### Work instructions
The answer must consist solely of the lines from the line with "Saint Denis Bed" to the end of the data below, transcribed exactly and with no pictures.
"""
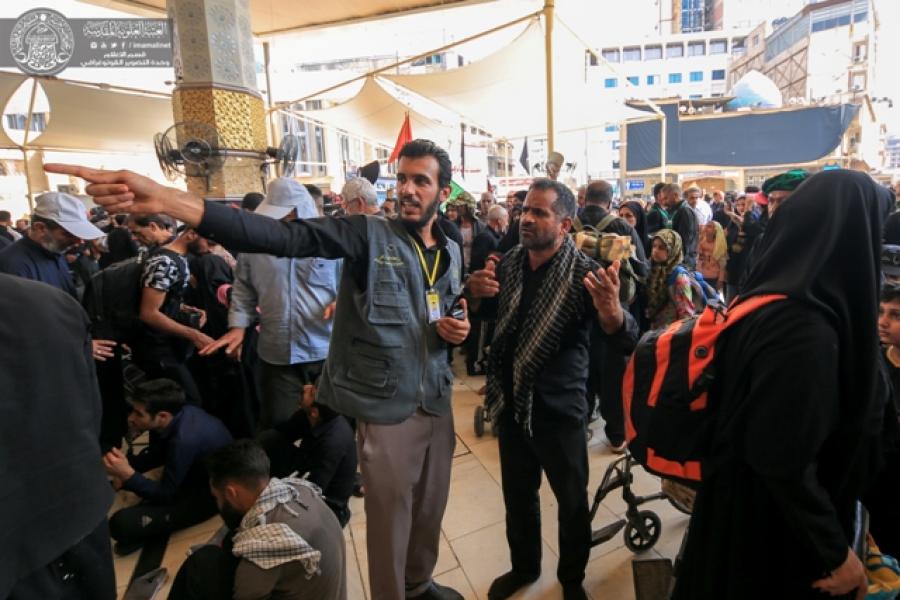 تقرير مصور/ المتطوعون في العتبة العلوية يقدمون الخدمات في الزيارات المليونية 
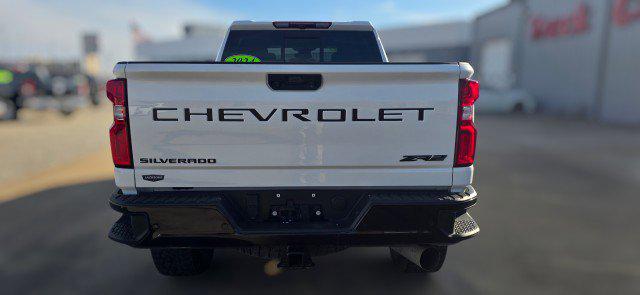 2024 Chevrolet Silverado 2500HD 4WD Crew Cab Standard Bed ZR2 2024 Chevrolet Silverado 2500HD 4WD Crew Cab Standard Bed ZR2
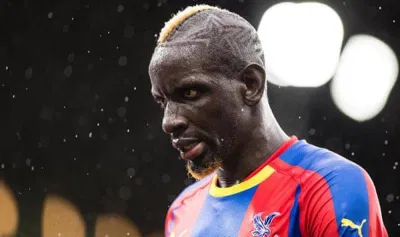 Vẻ ngoài mạnh mẽ của Mamadou Sakho Vẻ ngoài mạnh mẽ của Mamadou Sakho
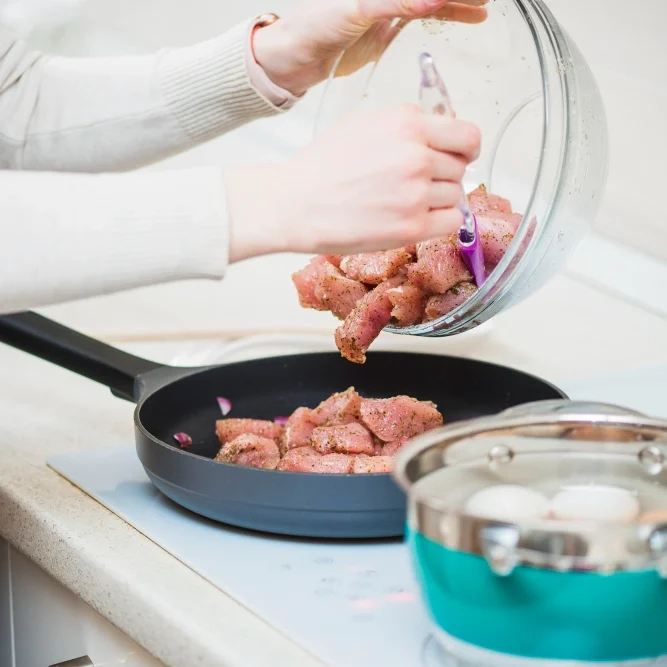 ón cruzada con carnes URL: /higiene-basica-evitar-contaminacion-cruzada-carnes Meta Descripción: Aprende las claves esenciales para evitar la contaminación cruzada en la cocina al manipular carnes y embutidos Colombo Alemana, garantizando seguridad y buenas prácticas de higiene. Título del Post: Higiene básica en la cocina: claves para evitar contaminación cruzada con carnes Alt Image Text:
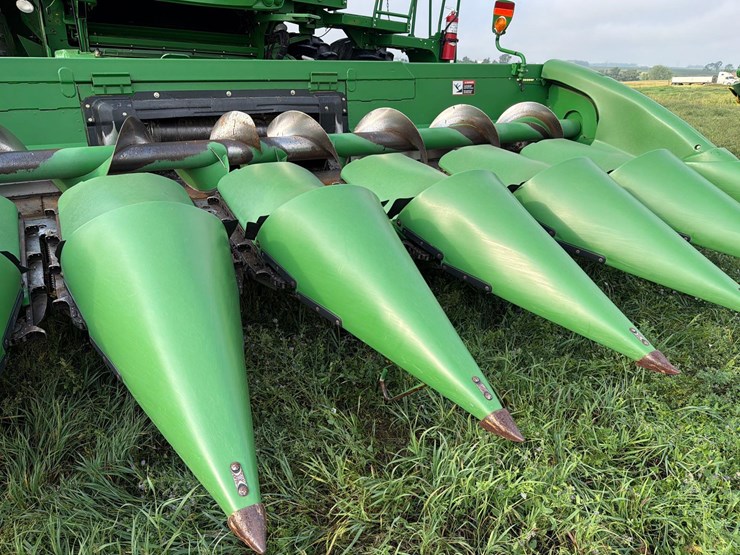 2009-john-deere-608c-image-49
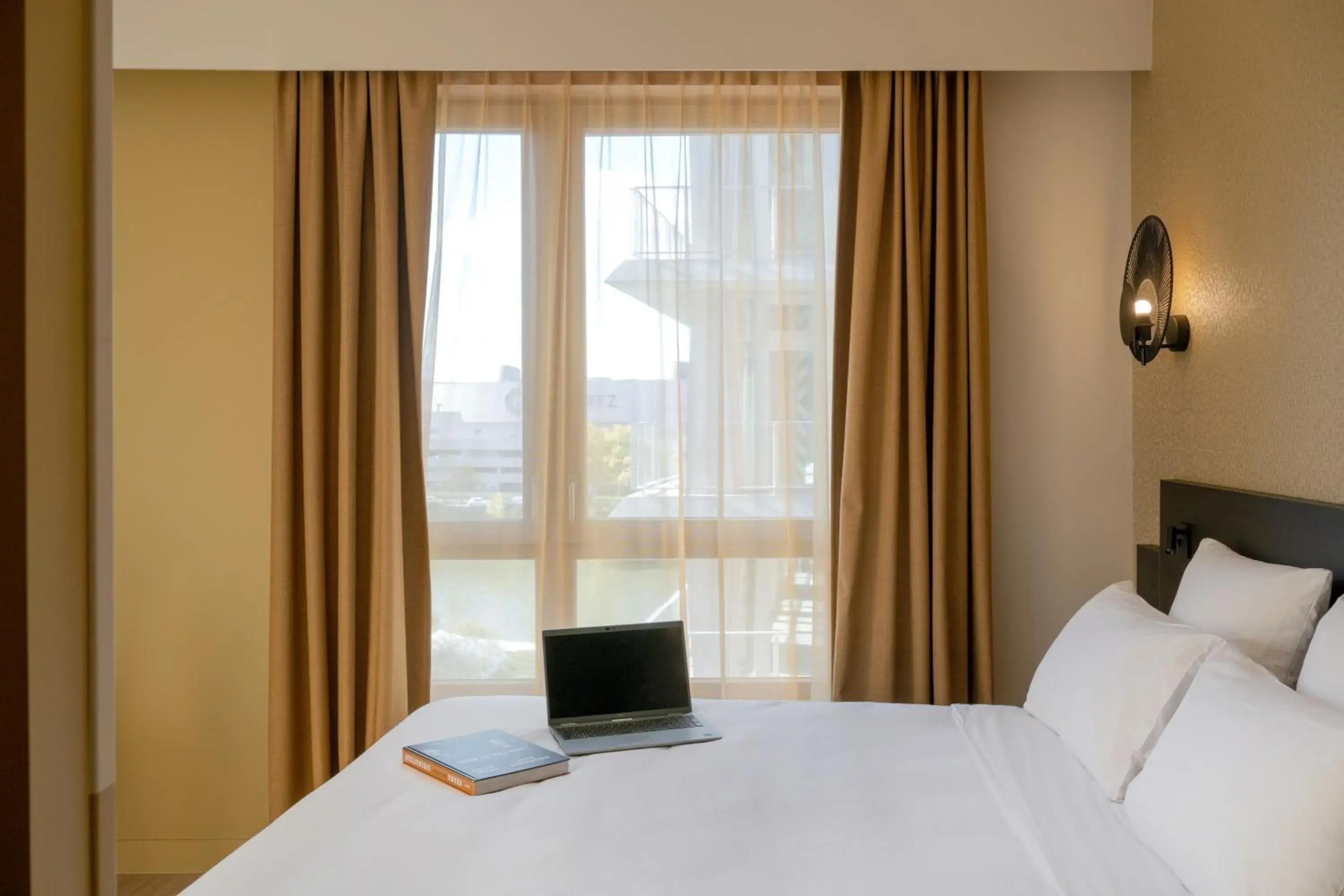 Bed in All Suites Hôtel - Paris Pleyel - L'Île Saint Denis Bed in All Suites Hôtel - Paris Pleyel - L'Île Saint Denis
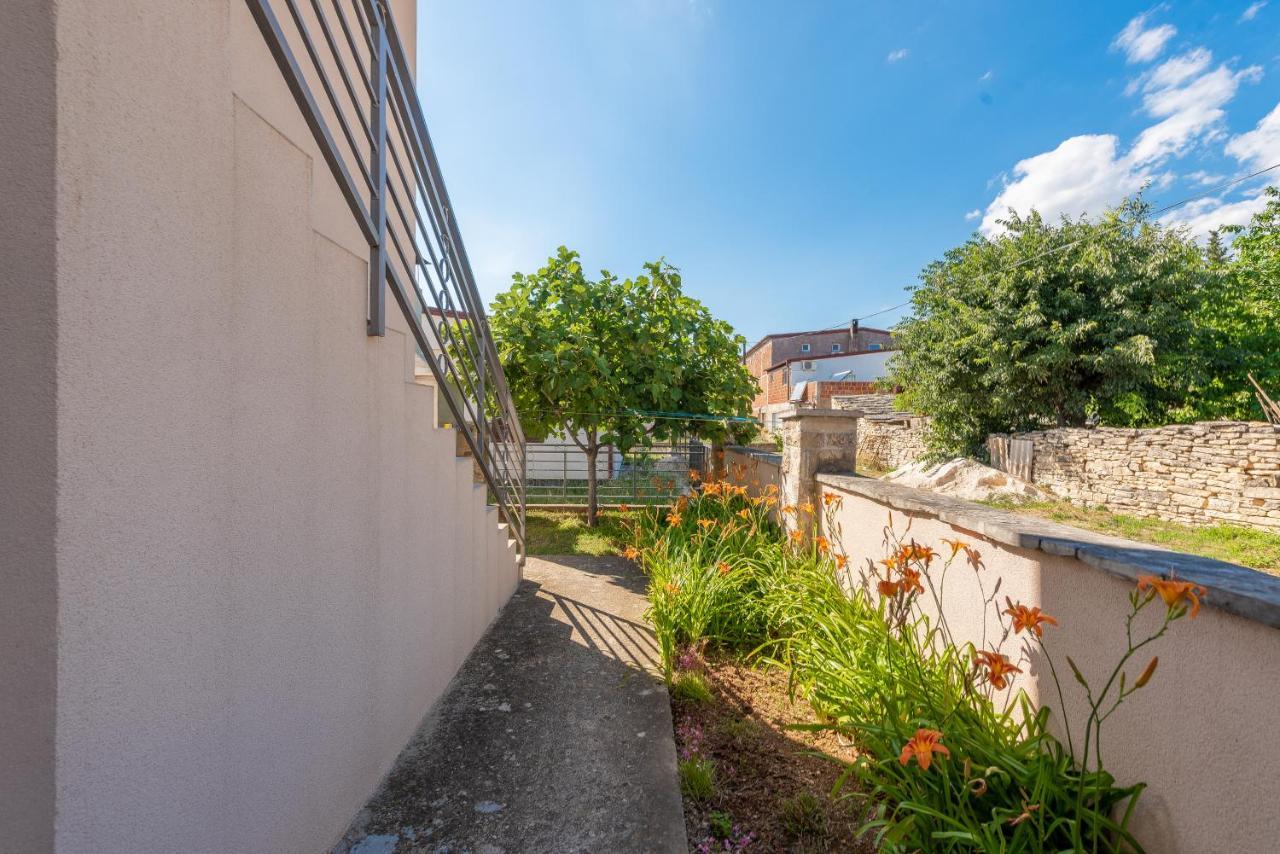 Apartmani Mila Ґорні Карин Екстер'єр фото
"""
### Your response
 Bed in All Suites Hôtel - Paris Pleyel - L'Île Saint Denis Bed in All Suites Hôtel - Paris Pleyel - L'Île Saint Denis
 Apartmani Mila Ґорні Карин Екстер'єр фото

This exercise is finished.